Ditidaht have indicated they will require capacity to effectively participate in the project assessment to facilitate the hiring of qualified professionals to work with their staff, elders and knowledge keepers; and to continue developing their stewardship capacity.

Table 13.2 Ditidaht First Nation-Specific Potential Effects on Indigenous Interests

Preliminary Indigenous Interests

Preliminary Potential Effects

Harvesting and Subsistence Activities

Effects of shipping on quality and quantity of fishing resources near Swiftsure Bank which subsequently affects Ditidaht First Nation's ability to fish for Food, Social, and Ceremonial purposes.

Effects of increased shipping on ability to safely access Ditidaht First Nation's marine territory and resources, including Swiftsure Bank.

Effects of project on eelgrass and the ability to harvest crabs.

Effects of marine emergency and spill response on the safety of the nation's fishermen.

Impact of increased vessel traffic on safety of fishermen, particularly at Swiftsure Bank.

Cultural Use Sites and Areas

Effects of increased shipping on the access and use of culturally important marine environments, including through Swiftsure Bank.

Cultural Continuation

Cumulative effects of marine shipping and other marine activities within Ditidaht traditional territory on rights, title and culture.

Impacts on species at risk notably the Southern Resident Killer Whale, part of the nation's culture.

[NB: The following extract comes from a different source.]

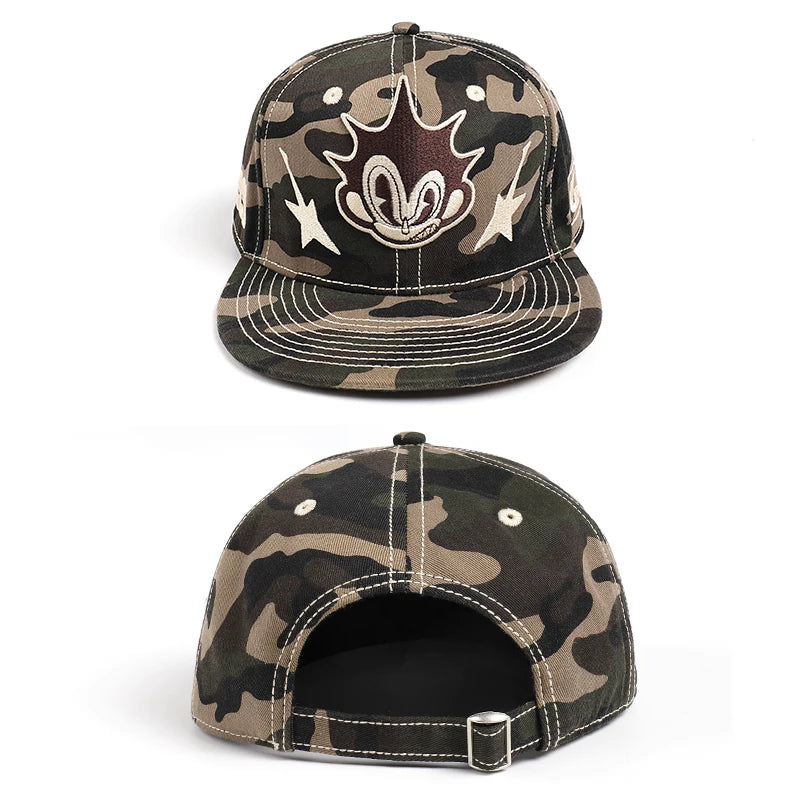 DND4DES Embroidered Camouflage Flat Brim Baseball Cap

Indigenous Governance Systems

Effects of shipping lanes and shipping traffic on Ditidaht First Nation's ability to exercise Indigenous rights.

Impact on the ability, currently being negotiated through treaty, to co-manage traditional lands, waters and food resources and the restoration, protection of salmon bearing streams, rivers.

13.3. Esquimalt Nation

Esquimalt Nation self-identified as participating Indigenous nation to the EAO on December 16, 2020. The Impact Statement must include a nation-specific assessment of project effects on Esquimalt Nation's Indigenous interests.

Esquimalt has indicated that, based on the historical use and occupation of their traditional territory, Esquimalt has constitutionally protected Aboriginal rights, including Aboriginal title, within their traditional territory. Esquimalt also has treaty rights pursuant to the Douglas Treaties, including a right to hunt on unoccupied lands and carry on their fisheries as formerly.

Table 13.3 Esquimalt Nation-Specific Potential Effects on Indigenous Interests

Preliminary Indigenous Interests

Preliminary Potential Effects

Harvesting and Subsistence Activities

Effects of construction, operation and shipping on water quality, fish and fish habitat (including Sockeye, Chinook, Coho salmon and shellfish), propagation of invasive species, and the health of the ocean and the subsequent effects to resources.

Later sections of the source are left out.